_Prompt:_ Only one stretch of the listing below is wanted. Begin at the line that has "Limbert Antique Mission", stop after the line that has "Gangen er romslig", and repeat every line in between exactly.

_Material to process:_
Start of Block

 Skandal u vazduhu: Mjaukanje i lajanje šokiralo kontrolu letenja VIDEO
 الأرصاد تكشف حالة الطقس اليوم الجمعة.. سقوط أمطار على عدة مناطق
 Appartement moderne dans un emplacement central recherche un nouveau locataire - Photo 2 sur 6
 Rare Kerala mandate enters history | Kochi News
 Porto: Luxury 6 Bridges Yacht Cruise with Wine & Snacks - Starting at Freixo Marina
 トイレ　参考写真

End of Block
Start of Block

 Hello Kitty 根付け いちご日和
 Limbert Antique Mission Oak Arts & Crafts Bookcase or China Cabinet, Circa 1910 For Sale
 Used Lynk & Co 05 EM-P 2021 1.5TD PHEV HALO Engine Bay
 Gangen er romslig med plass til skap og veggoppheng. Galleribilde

End of Block
Start of Block

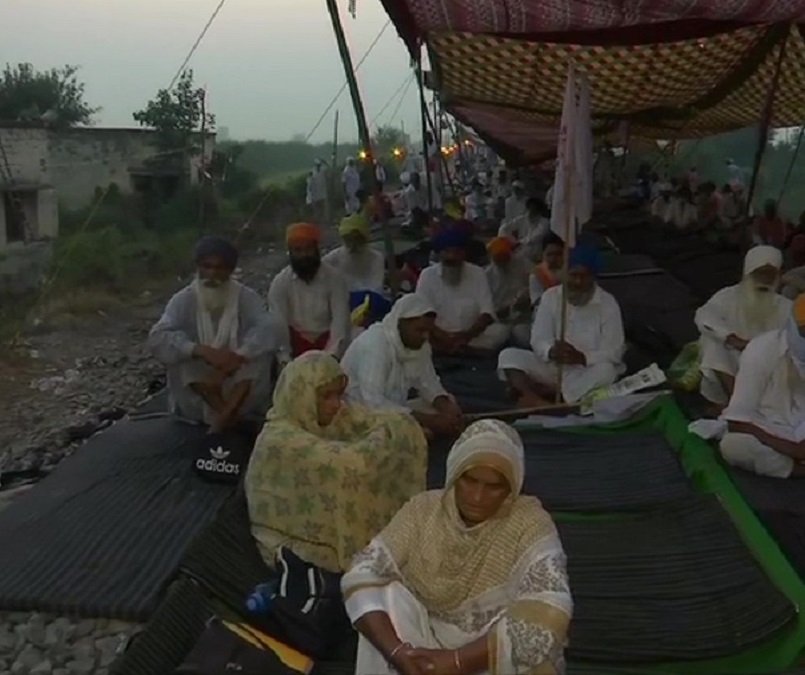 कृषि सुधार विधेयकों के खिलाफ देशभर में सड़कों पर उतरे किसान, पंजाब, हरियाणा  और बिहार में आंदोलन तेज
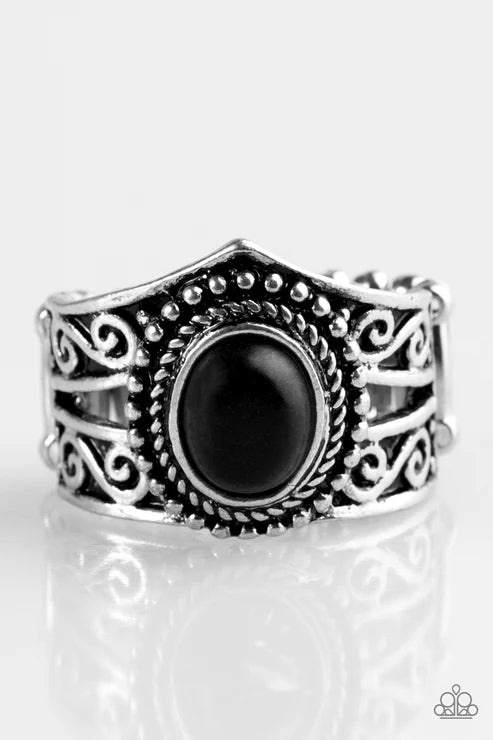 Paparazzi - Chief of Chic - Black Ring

End of Block

_Exercise answer:_
 Limbert Antique Mission Oak Arts & Crafts Bookcase or China Cabinet, Circa 1910 For Sale
 Used Lynk & Co 05 EM-P 2021 1.5TD PHEV HALO Engine Bay
 Gangen er romslig med plass til skap og veggoppheng. Galleribilde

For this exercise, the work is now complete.